• EXCERPTED RECORDS:
* * *

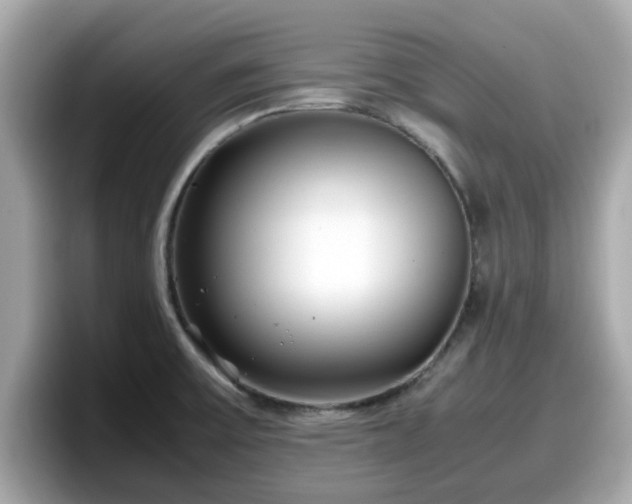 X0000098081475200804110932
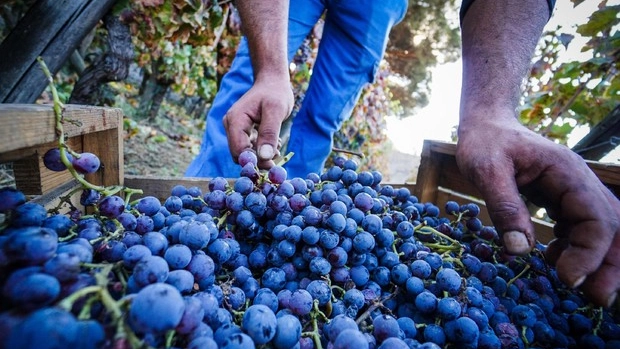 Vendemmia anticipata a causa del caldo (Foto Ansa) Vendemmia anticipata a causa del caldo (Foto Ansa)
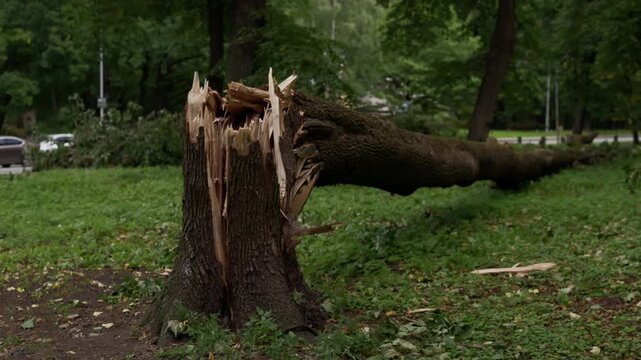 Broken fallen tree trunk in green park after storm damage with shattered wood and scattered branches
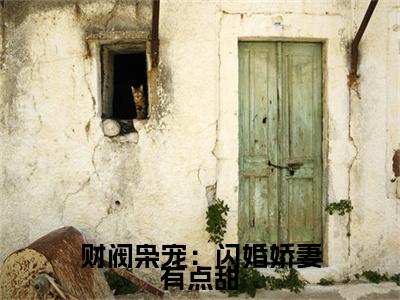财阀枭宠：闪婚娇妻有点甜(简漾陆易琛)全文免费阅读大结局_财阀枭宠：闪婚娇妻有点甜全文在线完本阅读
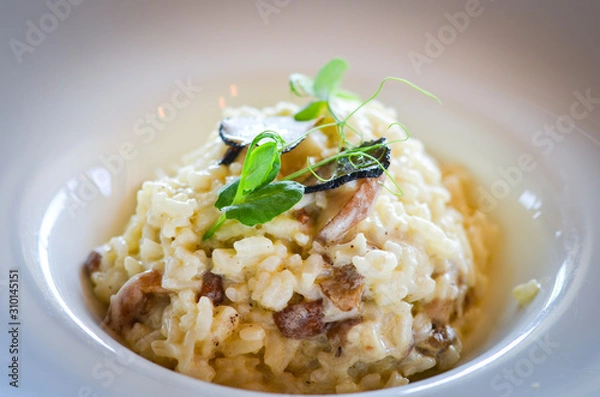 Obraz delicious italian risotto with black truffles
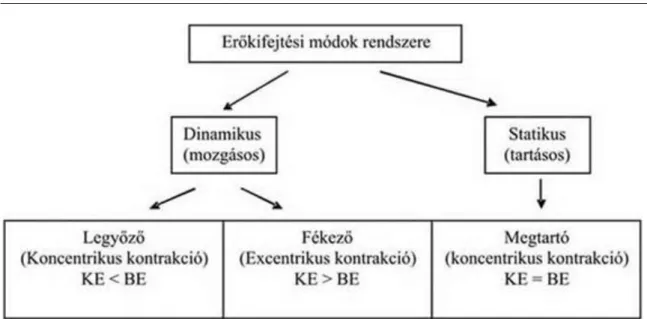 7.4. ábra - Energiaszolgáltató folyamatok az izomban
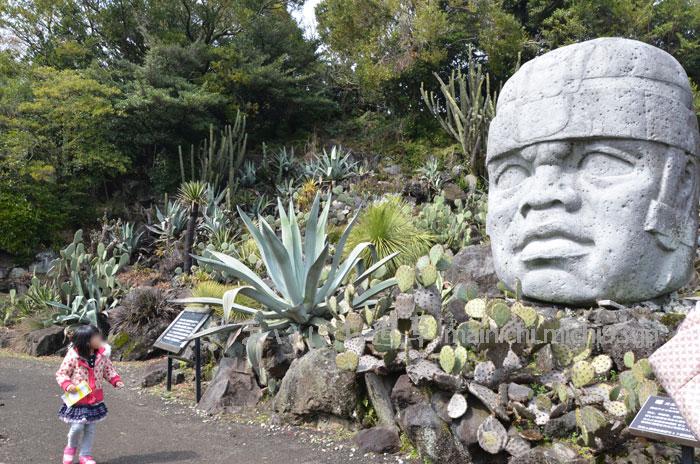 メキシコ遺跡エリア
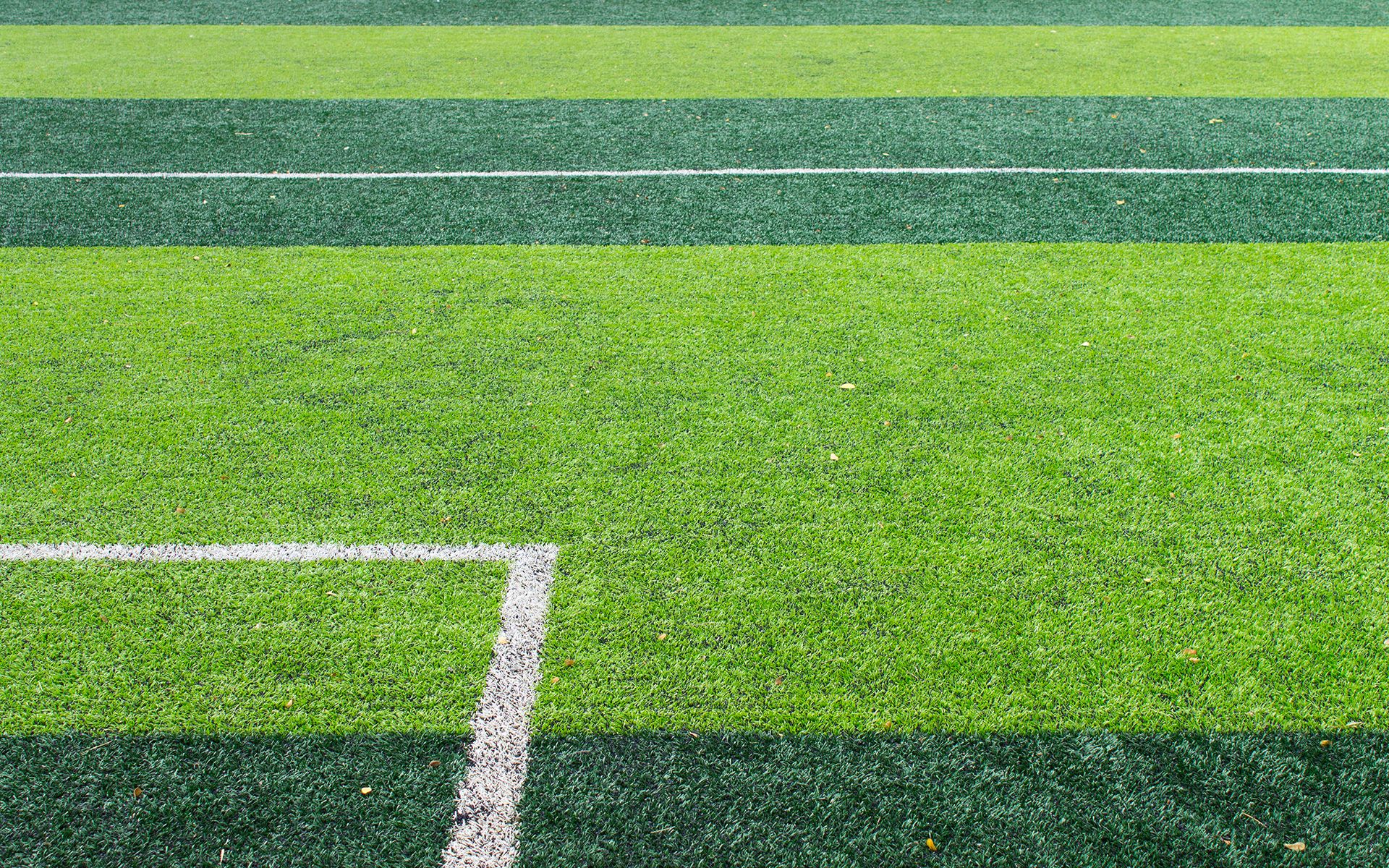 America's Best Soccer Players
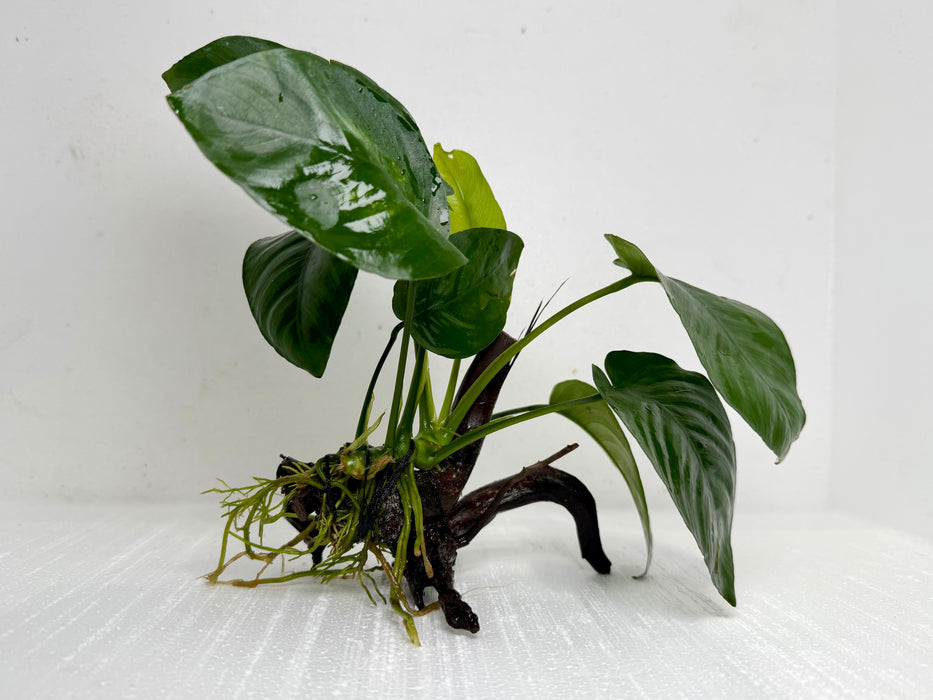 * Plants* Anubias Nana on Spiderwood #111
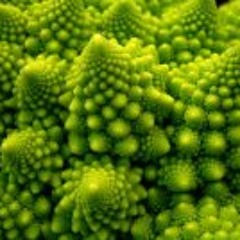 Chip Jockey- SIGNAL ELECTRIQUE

* * *

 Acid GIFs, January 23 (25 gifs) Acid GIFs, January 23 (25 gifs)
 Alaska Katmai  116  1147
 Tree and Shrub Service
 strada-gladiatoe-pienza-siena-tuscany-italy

* * *

• WHAT NEEDS TO BE DONE: Starting at the line containing "Obraz delicious italian" and stopping at the line containing "Chip Jockey- SIGNAL ELECTRIQUE", output each line exactly as it appears above. Leave out the pictures.

• YOUR RESPONSE:
 Obraz delicious italian risotto with black truffles
 7.4. ábra - Energiaszolgáltató folyamatok az izomban
 メキシコ遺跡エリア
 America's Best Soccer Players
 * Plants* Anubias Nana on Spiderwood #111
 Chip Jockey- SIGNAL ELECTRIQUE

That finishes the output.